Socialism is no laughing matter
David Horowitz discusses Martin Amis' new book, "Koba the Dread: Laughter and the Twenty Million" and laments the "destructive romance of the intellectuals." A must read column. Excerpt:
Deutscher, Lenin, Trotsky and Marx all staked their claims on the belief that socialism would produce abundance and freedom. A terrible history has shown us irrefutably that it doesn’t. Socialism is really a theory of economic theft and what it produces is poverty. Socialist systems are unable to even keep pace with the technological development necessary to sustain a modern economy. Moreover, they are fundamentally incompatible with human liberty.None of these four revolutionaries still admired by the left had a clue about the critical importance of private property in making political liberty possible.

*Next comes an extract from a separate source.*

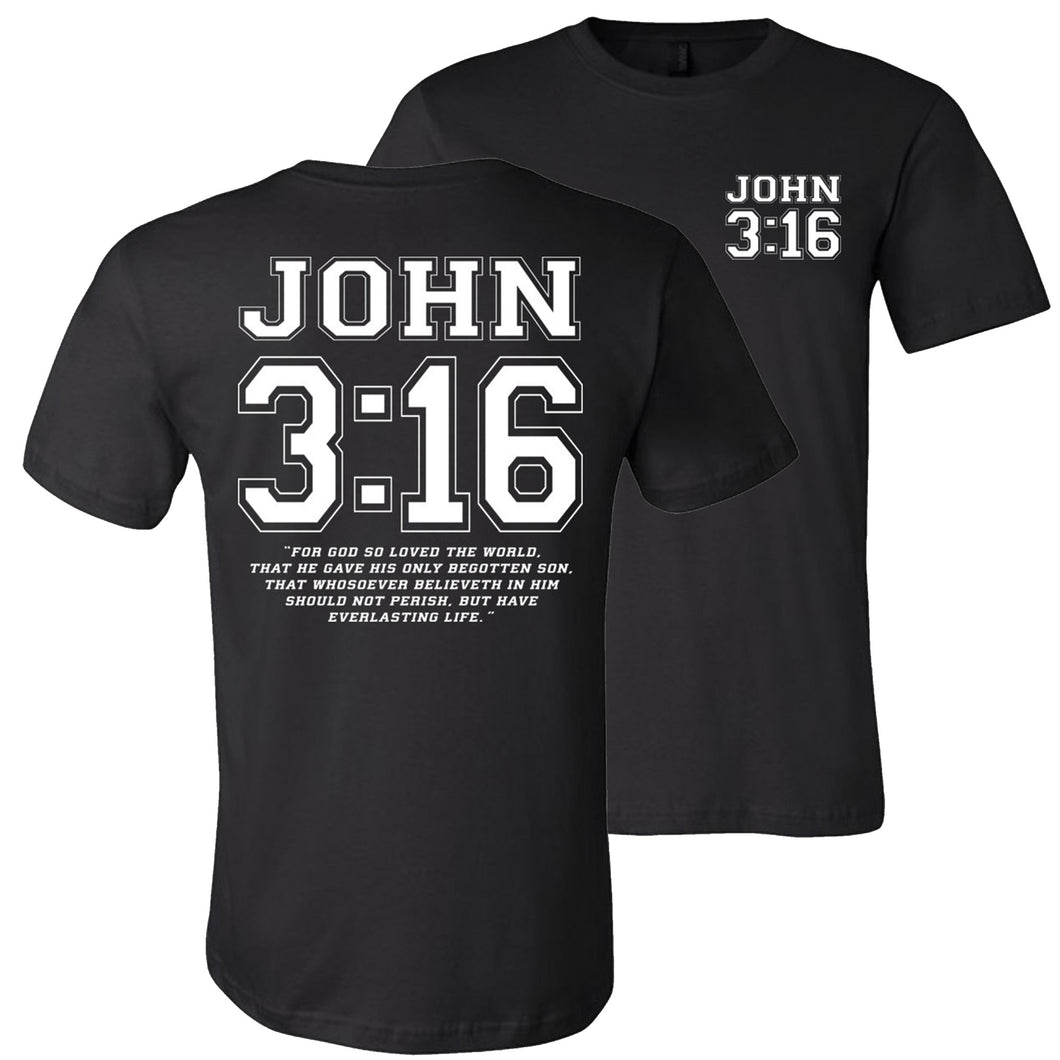 John 3:16 Bible Verse T-Shirt black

Equally telling, none of them understood the necessity of a capitalist economy to technological progress or to economic well-being. In the last half of the 20th Century, vast masses of humanity -- hundreds of millions in fact -- were lifted out of subsistence poverty in those countries that protected and supported private property and free markets. This liberation of poor people into lives of relative dignity and modest luxury by capitalist economics represents a revolution unprecedented in the 5,000-year history of human societies.






















2 Comments
I have just read Koba the Dread in one evening! It's a very enjoyable, if odd, and stimulating book. One caveat, however: American readers who, a la Horowitz, expect to see Communism denounced for its economic illiberalism will be disappointed. Amis primarily criticizes Communism for its civic and political oppressions. As a good European leftist, unalligned politically except for a loose tendency to vote for Labor, he is set apart from the economic liberalism that constitutes such an important part of American conservatism. On the contrarcy, Amis--in so far as he thinks about these things at all--probably favors a good deal of government management of the economy.
I have one suggestion for you guys, the best way to understand socialism is to actually read lennin's and marx's works. the idea was wonderful and workable. the problem was that it went into hands of several idiots who misunderstood it. and crushed the sistem. reading somebodies book is not the way to understand it, neither right is comparing socialism to capitalism. "liberation of poor people" ? -you are wrong. it is not a right term. liberation of people to defeat the poverty was the main idea. unfortunately the poor were only people who really wanted it and liberated.